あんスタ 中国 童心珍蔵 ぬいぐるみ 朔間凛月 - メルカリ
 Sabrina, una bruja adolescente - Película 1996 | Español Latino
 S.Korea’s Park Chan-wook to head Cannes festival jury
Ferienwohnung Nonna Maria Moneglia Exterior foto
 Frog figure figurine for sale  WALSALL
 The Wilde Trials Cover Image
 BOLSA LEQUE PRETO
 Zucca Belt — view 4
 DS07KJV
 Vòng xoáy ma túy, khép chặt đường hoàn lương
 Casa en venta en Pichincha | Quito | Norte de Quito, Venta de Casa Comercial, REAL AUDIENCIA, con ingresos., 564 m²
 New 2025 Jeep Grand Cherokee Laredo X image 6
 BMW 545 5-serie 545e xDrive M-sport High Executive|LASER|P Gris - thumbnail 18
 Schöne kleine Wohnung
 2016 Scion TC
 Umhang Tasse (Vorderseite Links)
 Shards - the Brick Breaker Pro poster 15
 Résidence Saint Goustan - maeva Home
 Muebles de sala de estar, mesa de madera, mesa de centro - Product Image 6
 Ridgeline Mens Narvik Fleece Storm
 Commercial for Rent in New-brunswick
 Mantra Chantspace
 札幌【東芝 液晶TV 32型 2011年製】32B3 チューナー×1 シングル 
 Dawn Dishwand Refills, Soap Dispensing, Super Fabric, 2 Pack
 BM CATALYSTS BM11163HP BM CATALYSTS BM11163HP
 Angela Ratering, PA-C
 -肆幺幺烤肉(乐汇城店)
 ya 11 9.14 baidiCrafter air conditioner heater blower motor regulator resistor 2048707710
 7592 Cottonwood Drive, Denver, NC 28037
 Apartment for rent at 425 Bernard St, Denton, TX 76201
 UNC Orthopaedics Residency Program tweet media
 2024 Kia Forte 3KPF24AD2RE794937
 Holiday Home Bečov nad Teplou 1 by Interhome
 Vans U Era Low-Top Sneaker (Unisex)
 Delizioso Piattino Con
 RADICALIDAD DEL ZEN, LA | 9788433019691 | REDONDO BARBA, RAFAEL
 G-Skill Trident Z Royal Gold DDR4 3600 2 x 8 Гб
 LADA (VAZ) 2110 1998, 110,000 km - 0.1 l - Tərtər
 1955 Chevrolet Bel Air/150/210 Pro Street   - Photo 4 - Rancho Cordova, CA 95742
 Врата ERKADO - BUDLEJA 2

**TASK ITEM:**
All of the material above is to be retyped word for word.

**EXERCISE SOLUTION:**
あんスタ 中国 童心珍蔵 ぬいぐるみ 朔間凛月 - メルカリ
 Sabrina, una bruja adolescente - Película 1996 | Español Latino
 S.Korea’s Park Chan-wook to head Cannes festival jury
Ferienwohnung Nonna Maria Moneglia Exterior foto
 Frog figure figurine for sale  WALSALL
 The Wilde Trials Cover Image
 BOLSA LEQUE PRETO
 Zucca Belt — view 4
 DS07KJV
 Vòng xoáy ma túy, khép chặt đường hoàn lương
 Casa en venta en Pichincha | Quito | Norte de Quito, Venta de Casa Comercial, REAL AUDIENCIA, con ingresos., 564 m²
 New 2025 Jeep Grand Cherokee Laredo X image 6
 BMW 545 5-serie 545e xDrive M-sport High Executive|LASER|P Gris - thumbnail 18
 Schöne kleine Wohnung
 2016 Scion TC
 Umhang Tasse (Vorderseite Links)
 Shards - the Brick Breaker Pro poster 15
 Résidence Saint Goustan - maeva Home
 Muebles de sala de estar, mesa de madera, mesa de centro - Product Image 6
 Ridgeline Mens Narvik Fleece Storm
 Commercial for Rent in New-brunswick
 Mantra Chantspace
 札幌【東芝 液晶TV 32型 2011年製】32B3 チューナー×1 シングル 
 Dawn Dishwand Refills, Soap Dispensing, Super Fabric, 2 Pack
 BM CATALYSTS BM11163HP BM CATALYSTS BM11163HP
 Angela Ratering, PA-C
 -肆幺幺烤肉(乐汇城店)
 ya 11 9.14 baidiCrafter air conditioner heater blower motor regulator resistor 2048707710
 7592 Cottonwood Drive, Denver, NC 28037
 Apartment for rent at 425 Bernard St, Denton, TX 76201
 UNC Orthopaedics Residency Program tweet media
 2024 Kia Forte 3KPF24AD2RE794937
 Holiday Home Bečov nad Teplou 1 by Interhome
 Vans U Era Low-Top Sneaker (Unisex)
 Delizioso Piattino Con
 RADICALIDAD DEL ZEN, LA | 9788433019691 | REDONDO BARBA, RAFAEL
 G-Skill Trident Z Royal Gold DDR4 3600 2 x 8 Гб
 LADA (VAZ) 2110 1998, 110,000 km - 0.1 l - Tərtər
 1955 Chevrolet Bel Air/150/210 Pro Street   - Photo 4 - Rancho Cordova, CA 95742
 Врата ERKADO - BUDLEJA 2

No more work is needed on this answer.